Thanks for all the responses, I will try all of them and see what works best for me. So far I have put my hand under the moss and lifted it up and down enough to get the debri floating again and the filter pics it up. I think I will buy a 350 Magnum and hook a gravel vac to the intake and run the return hose back to the tank, that would be easier to clean out than my FX is. I have not done any water changes and the Nitrates are staying at 10 ppm so the plants are doing a pretty good job since I have close to 100" of fish in there.


----------



## Donald Hansen (Jan 21, 2011)

giddetm said:


> I think I will buy a 350 Magnum and hook a gravel vac to the intake and run the return hose back to the tank, that would be easier to clean out than my FX is.
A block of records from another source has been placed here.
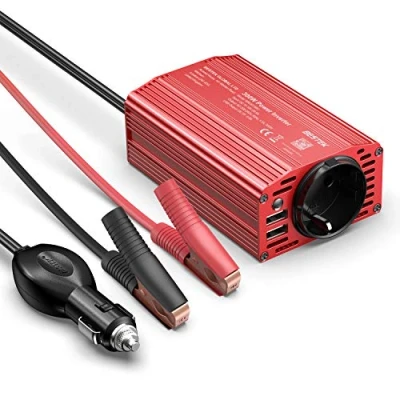 Abbildung von BESTEK Spannungswandler 12v auf 230v Wechselrichter 230v, mit 2 USB: 5V/4.8A Umwandler 1 Paar Klemmen und Zigarettenanzünder Stecker, für Auto Laden von Handys Laptops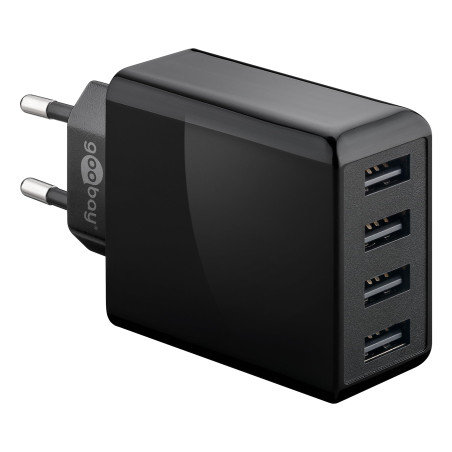 goobay 44953 Chargeur USB 4 Ports 30 W pour recharger simultanément jusqu'à 4 appareils Noir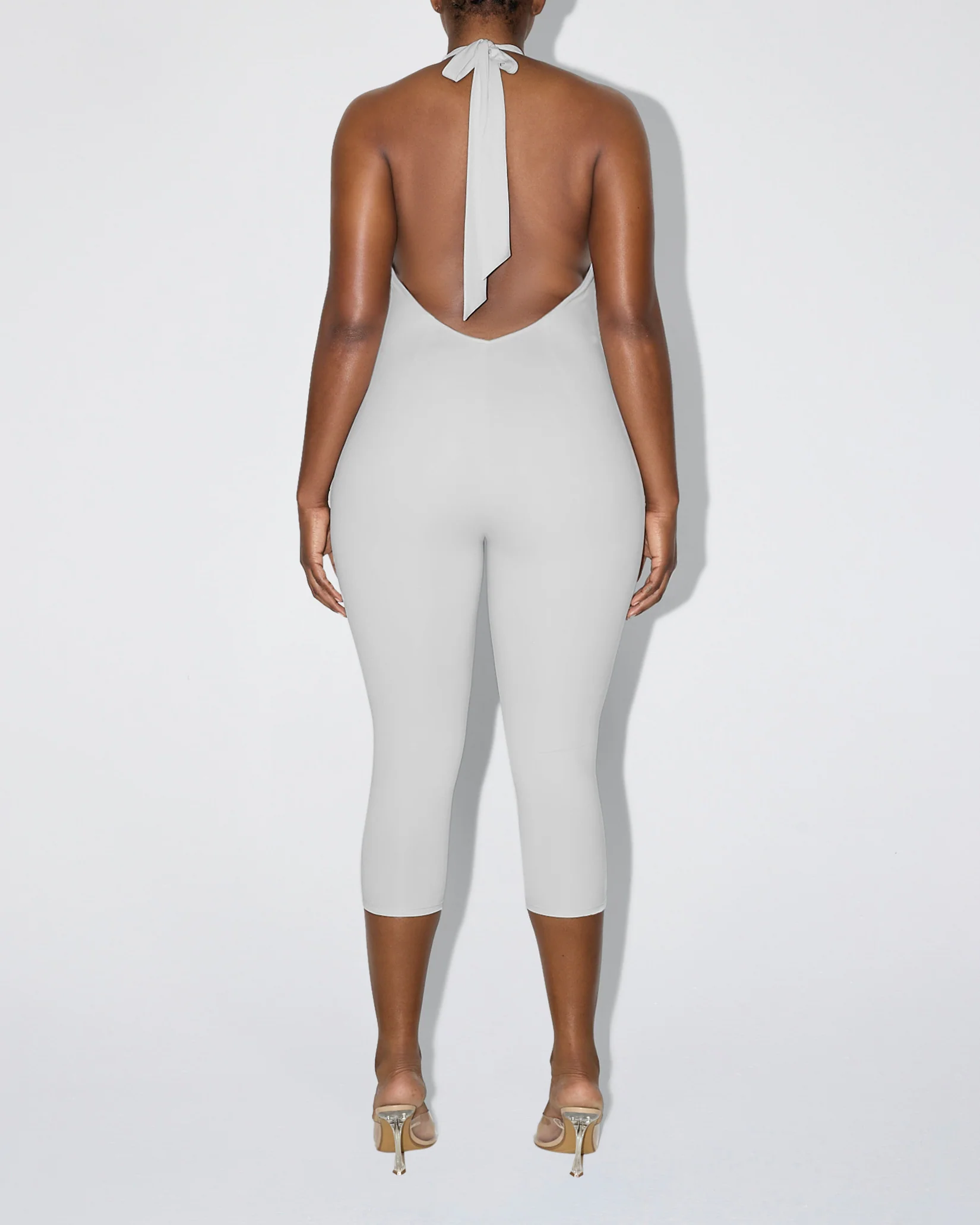 Smooth Stretch Capri Catsuit | Light Grey - Image 4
I've been thinking of doing something like that. What made you choose the 350 Magnum?

DLH


----------



## giddetm (Apr 30, 2011)

Because they are small and you can put the inline shutoffs on them to cut down on the mess. Do you have a different idea?


----------



## Donald Hansen (Jan 21, 2011)

giddetm said:


> Because they are small and you can put the inline shutoffs on them to cut down on the mess. Do you have a different idea?


Not now, I don't!

I wanted something that I could use to vacuum dirt from the bottom of the tank without losing any water. I looked at those hand and battery operated ones and didn't like them. I was going to try and build something from parts because I didn't think there would be anything for sale that could be easily converted to do what I want. I did a Google on the 350 Magnum family of filters and it appears to be exactly what I want.

Thanks for the info.

DLH


----------



## Gizmo (Dec 6, 2010)

Don't use the quick disconnect shutoff valves in place of turning the Magnum 350 off - if you cut off the inlet with those valves, it will cause the impeller to either stall or airlock, and you stand a very good chance of ruining the motor if you do that. The quick disconnect valves are there for AFTER the filter is turned off so you can, well, quickly disconnect it.


----------